How can you mimic this on the web?

  • Create opportunities for visitors to interact with your product or service (virtual demos, webinars, etc.).
  • Get your own Genius Bar going by taking off your Sales hat and putting on your Teaching hat. Think about how you can educate visitors through social media and blogging.

Customer service shouldn’t be based on transactions.

Good customer service is polite and friendly.

Great customer service is polite, friendly and helpful.

My favourite stores and restaurants get my business because they gave me great customer service before I ever pulled out my wallet. (I bet it’s the same for you, too.)

The Apple spin: Apple Store employees are helpful and informative, but they don’t pressure you into buying anything. They’ll greet you when you enter, and they’ll wish you a good day as you leave.

Greet your website visitors, don’t smother them in promotional fluff. Provide them something useful with every visit – maybe a free download, a useful tip, or a how-to article?

Your website is a store. Treat it like one.

Some things to keep in mind:

Website visitors are guests, not prospects.
Even if they’re “just browsing”, make it an enjoyable experience. Care about them. They’ll be more likely to come back, or refer someone else to you.

Your home page is your storefront.
Keep it fresh, keep it clean, and limit the focal point to one or two things. You want them to come inside, don’t you?

Your website layout is your sales floor layout.
Make it easy for guests to find what they’re looking for. Your layout should be clean, clutter-free and intuitive. Don’t overwhelm with distractions.

Constantly push for feedback.
“Good enough” is never good enough. Figure out what can be done better, and make incremental improvements. Open up that Suggestions box!

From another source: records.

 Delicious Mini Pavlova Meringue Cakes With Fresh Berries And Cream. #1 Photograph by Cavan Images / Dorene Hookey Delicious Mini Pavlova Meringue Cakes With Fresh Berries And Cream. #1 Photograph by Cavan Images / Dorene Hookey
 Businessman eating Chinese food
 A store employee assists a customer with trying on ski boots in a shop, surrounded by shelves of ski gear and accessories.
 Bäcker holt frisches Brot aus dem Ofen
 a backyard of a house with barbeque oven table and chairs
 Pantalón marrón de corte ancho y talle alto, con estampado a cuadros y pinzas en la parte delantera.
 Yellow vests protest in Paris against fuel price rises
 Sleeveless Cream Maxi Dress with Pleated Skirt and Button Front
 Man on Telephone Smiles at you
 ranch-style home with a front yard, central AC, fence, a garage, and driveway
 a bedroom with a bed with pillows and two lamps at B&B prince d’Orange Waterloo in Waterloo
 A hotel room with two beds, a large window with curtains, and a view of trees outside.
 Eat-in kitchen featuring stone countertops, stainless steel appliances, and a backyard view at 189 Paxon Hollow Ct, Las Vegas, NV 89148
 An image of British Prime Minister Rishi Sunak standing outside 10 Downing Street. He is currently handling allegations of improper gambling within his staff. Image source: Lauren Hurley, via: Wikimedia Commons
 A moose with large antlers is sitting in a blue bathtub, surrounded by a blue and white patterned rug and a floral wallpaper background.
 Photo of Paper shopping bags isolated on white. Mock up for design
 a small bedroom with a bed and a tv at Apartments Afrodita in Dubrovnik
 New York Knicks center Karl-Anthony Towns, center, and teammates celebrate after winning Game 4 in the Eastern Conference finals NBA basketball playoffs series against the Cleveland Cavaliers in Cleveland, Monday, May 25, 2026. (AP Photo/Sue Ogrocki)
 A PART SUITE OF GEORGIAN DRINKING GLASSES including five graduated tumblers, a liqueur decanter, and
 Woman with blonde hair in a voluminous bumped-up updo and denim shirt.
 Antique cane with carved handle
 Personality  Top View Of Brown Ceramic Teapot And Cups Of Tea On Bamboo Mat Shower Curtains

Crap on a silver platter, wrapped in a pretty pink ribbon, is still crap.
Appearances are important, but if what you’re trying to sell is broken/sub-par, then fixing it is the higher priority.

Reimagine everything.

The Apple Store succeeded not because we tweaked the traditional model. We reimagined everything. […] Until the Apple Store launched, customers went to a technology store to acquire a product, and it was often an awful experience driven by a salesperson on commission whose main interest was in emptying your wallet. Apple Store associates are not on commission, and they don’t try to sell you anything. They have one job: to help you find the product that’s right for you, even if it’s not an Apple product. All those things create value beyond the transaction.

Ron Johnson, formerly Senior VP of Retail for Apple, pioneer of Apple retail stores.

Final thoughts: It’s uphill battle all the way.

Apple has done an amazing job with their retail locations. But they’re Apple – their culture, and their business, has been built on doing things differently.

Shifting the focus of a company website towards customer service is hard work. I know, because I’ve tried, and I’m still trying.

This is what I’ve learned:

  • Resistance comes from executives who don’t see the value in customer service as a marketing strategy.
  • Resistance comes from employees who don’t see the value in web marketing at all.
  • Progress comes from small improvements, made whenever and wherever possible.

Daunting? Absolutely. But if you’re really, really passionate about customer service being the right approach for growth and success, it’s totally worth fighting for.